Natürlich gab es in dieser Woche auch normale Veröffentlichungen. Die höchsten vier Neuzugänge gehören mit Jan Delay, Green Day, Marit Larsen und dellé in diese Kategorie. Alle anderen können dagegen fast als Nischenprodukte aus der Special Interest Abteilung gelten. Zum Beispiel auch die neue Single von Razorlight. Nachdem Wire To Wire ein unglaublicher Erfolg war (vier Wochen auf Position 3) und sich auch in der 25. Woche noch auf Platz 30 behaupten kann (von 28 ganz leicht fallend), war die Hoffnung sicher groß, dass Hostage Of Love mit viel Aufmerksamkeit aufgenommen würde. Aber so richtig scheint das nicht zu klappen. Klar, es ist jetzt nicht mehr die gefühlvolle Ballade sondern eher schlagzeugorientierter Rock. Irgendwas fehlt da. Vielleicht ist die ganz pure Direktheit dann doch nicht so gefragt. Vielleicht liegts auch nur an der Urlaubszeit. Platz 70 in der ersten Woche nach Verkaufsstart ist jedenfalls nicht 100% zufriedenstellend.
Dancefloor-Stuff gibt es auch: Schon eine Weile auf dem Markt, nämlich genau seit dem 10. Juli ist Mark ’Oh (ja genau der, den gibt es noch) mit United. Der Track klingt so wie ein Dancetrack heute halt klingt, Stampfbeat und Elektrogeschnarre. Was dann noch dazu kommt ist ein Gospel-Soulchor-Gesang, den ich ziemlich grässlich finde. Warum fallen uns bei dem Wort ”United” denn nur so verklärte Kitsch-Gesänge ein? Find ich unsäglich altmodisch. Sorry, da hat es dann Cascada doch tausend mal besser raus. Mark ’Oh also mit seiner zwanzigsten Single in den Charts, auf Platz 74, irgendwie ja ein Comeback nach knapp drei Jahren, aber sorry, das war nicht nötig. Ein bisschen Inspiration bitte das nächste Mal!
Wesentlich einfallsreicher kommt da Samy Deluxe daher. Seine zweite Auskopplung aus dem Dis wo ich herkomm-Album (leider nur rein digital) ist das Doppel-Bundle Stumm/Musik um durch den Tag zu komm. Und das find ich im Vergleich zur Vorgängersingle Bis die Sonne rauskommt richtig cool. Ok – es ist weder textlich noch musikalisch der Neuentwurf, aber es arbeitet mit dem was wir kennen so gekonnt, dass es eben doch funktioniert. Und das ist doch schon mal großartig. Schade, dass offensichtlich die meisten potenziellen KäuferInnen schon das Album haben und deshalb nicht die Digitalvariante kaufen. Platz 87.

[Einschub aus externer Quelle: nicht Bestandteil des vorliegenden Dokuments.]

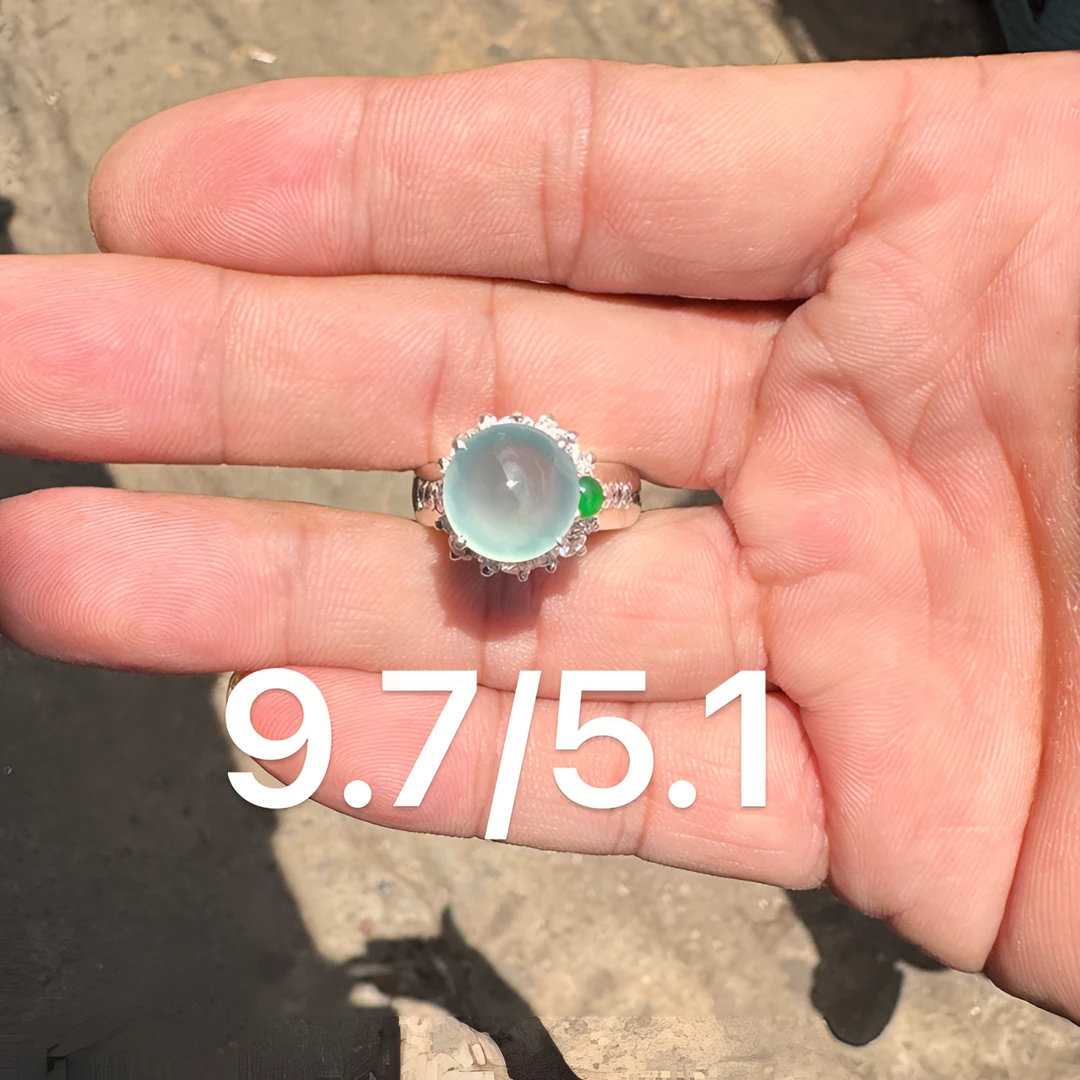 0817(小哪吒在源头)冰种翡翠正圆天空蓝戒面干净饱满荧光足M300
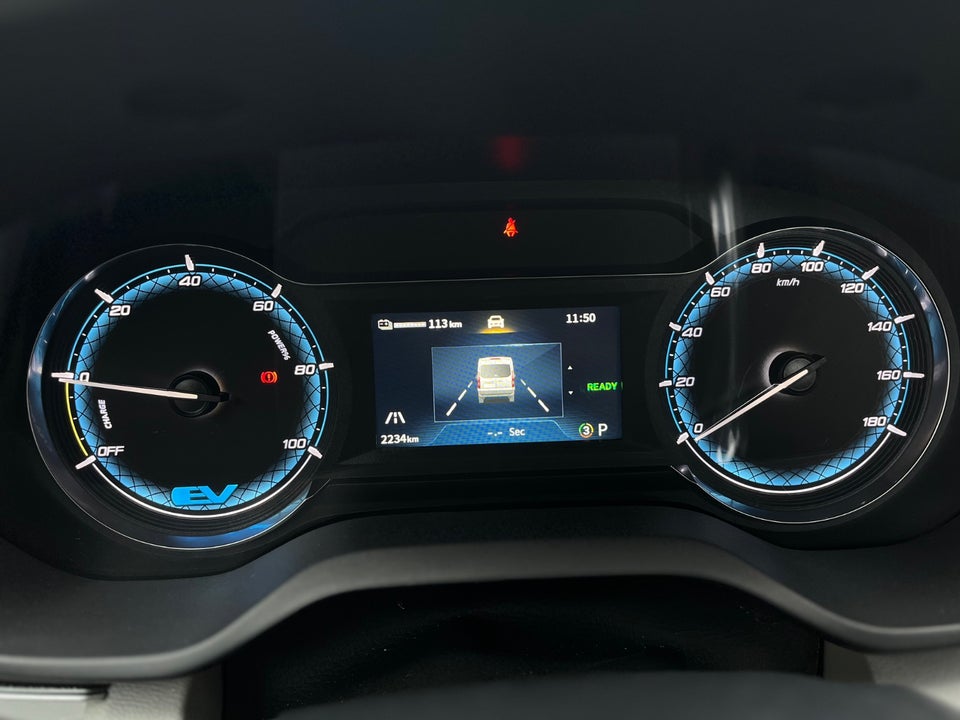 Maxus e-Deliver 9 65 L4 Chassis 2d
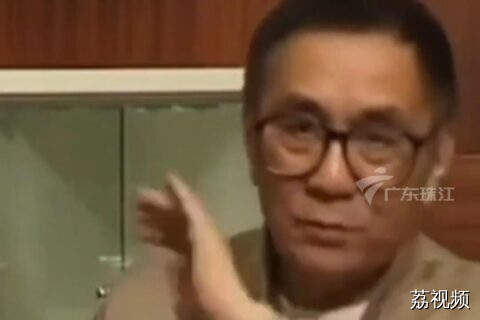 黄霑创作《沧海一声笑》曾被徐克退稿6次，后因这四个字获得启发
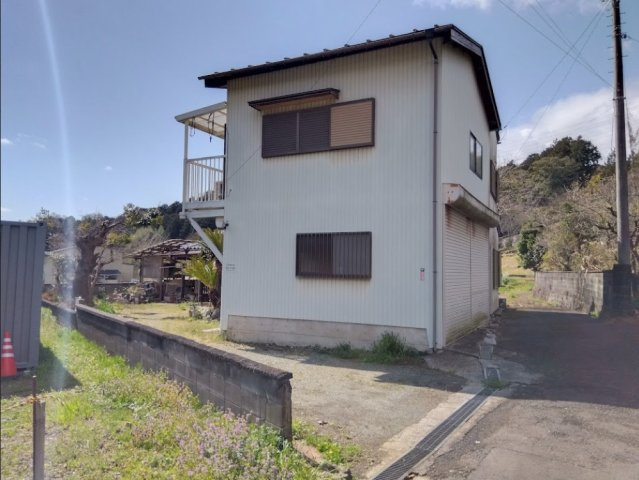 売土地　三島市沢地の外観|多用途に活用可能な物件です。住宅用地としてはもちろん、資材置き場や作業スペースとしての利用もご検討いただけます。用途に合わせた柔軟な活用ができる点が魅力です。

Und welche Titel schaffen eine Rückkehr?
Zum Beispiel Chris Brown, der vor fast genau einem Jahr mit Forever das letzte mal in der deutschen Liste notiert war. Alles was er danach veröffentlichte fand nicht so wahnsinnig Anklang. Vielleicht auch wegen der Negativschlagzeilen? Immerhin wurde er für schuldig befunden (hat es auch selbst gestanden), Freundin Rihanna geschlagen zu haben. Aber, die Pop-Welt ist ja so einfach zu beruhigen. Am 21. Juli veröffentlichte Chris Brown eine Entschuldigung auf youtube. Wenige Tage später veröffentlichen Jill Peterson & Kevin Heinz auf youtube ein Video, bei dem sie Chris Brown’s Forever als ”Hochzeitsmarsch” benutzen. Das Video wird ein Hit – innerhalb einer Woche gibt es 8 Mio. Klicks und Chris Brown taucht in diversen Foren wieder als Tipp des Tages auf. Die Folge von diesem Hype: auch media control verzeichnet eine gesteigerte Nachfrage und Forever steht nach knapp einem Jahr wieder in der Liste. Auf Platz 80 – und das muss noch nicht einmal alles gewesen sein. Forever ist damit der erfolgreichste Solo-Hit für den Sänger und Chris Brown ist offensichtlich rehabilitiert – Wahnsinn wie schnell das geht!
Einen kleinen Schub in der Nachfrage hatten Daughtry. Mit Erscheinen ihrer CD Leave This Town (steigt ein in den Album-Charts auf der 12) kann auch die Digitalsingle No Surprise noch ein paar Einheiten absetzen: Platz 81 ist die Folge nachdem es vor vier Wochen gerade mal für einen mageren Platz 96 gereicht hatte.
Auch wieder einmal gelistet, und das ist tatsächlich mittlerweile auch ein Klassiker: The White Stripes mit 7 Nation Army. Diese Woche in der 31. Woche dabei und notiert auf der 85.